Deadline – Kasus istri gorok leher suami menggegerkan kawasan Parangtritis, Kabupaten Bantul, DI Yogyakarta. Peristiwa itu terjadi di sebuah losmen di Padukuhan Mancingan pada Sabtu sore, 9 Mei 2026.
Pelaku diketahui berinisial AF (26), warga Karanganyar, Jawa Tengah. Korbannya adalah sang suami sendiri, S (35), yang saat itu sedang tidur bersama anak mereka usai berwisata dari Pantai Parangtritis.
Peristiwa berdarah itu terjadi sekitar pukul 16.00 WIB. Pasangan suami istri tersebut sebelumnya menyewa satu kamar losmen untuk beristirahat setelah jalan-jalan di kawasan pantai.
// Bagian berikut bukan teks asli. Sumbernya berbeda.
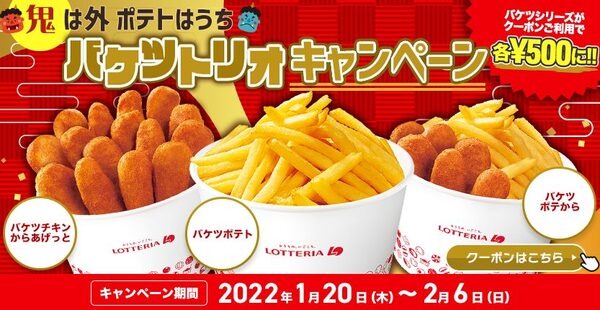 鬼は外、ポテトはうち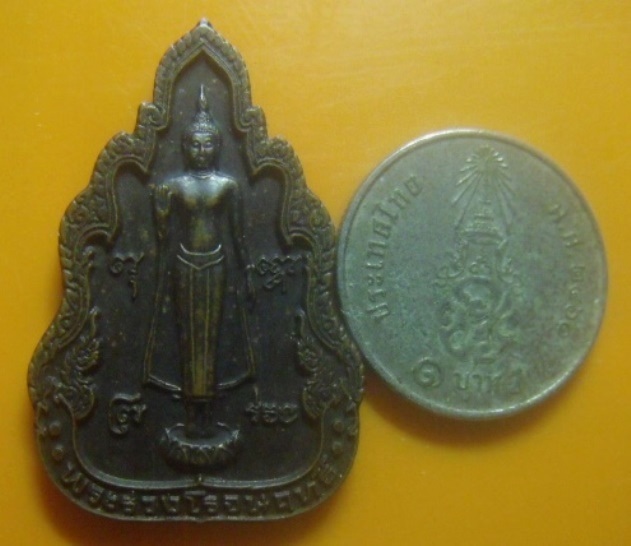 **เบา​ๆ​**เหรียญพระร่วงโรจนฤทธิ์ นมัสการองค์พระปฐมเจดีย์ วัดพระปฐมเจดีย์ จ.นครปฐม ปี ๒๕๔๙**สวยๆ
Saat korban tertidur bersama anaknya, suasana mendadak berubah mencekam. AF disebut memeluk suaminya sambil meminta maaf. Namun beberapa saat kemudian, ia langsung mengiris leher korban menggunakan pisau.
Sayatan itu membuat leher korban sobek dan mengeluarkan darah. Korban yang kaget langsung berteriak meminta pertolongan.
Teriakan korban didengar warga sekitar losmen. Sejumlah warga kemudian datang dan membantu menyelamatkan korban yang sudah terluka.
Sementara itu, pelaku meninggalkan pisau di dalam kamar lalu melarikan diri sambil membawa anak mereka.
Korban segera dibawa ke rumah sakit untuk mendapatkan penanganan medis. Setelah kondisinya membaik, korban melapor ke pihak kepolisian.
Kasi Humas Polres Bantul, Iptu Rita Hidayanto, menjelaskan polisi langsung melakukan penyelidikan setelah menerima laporan korban.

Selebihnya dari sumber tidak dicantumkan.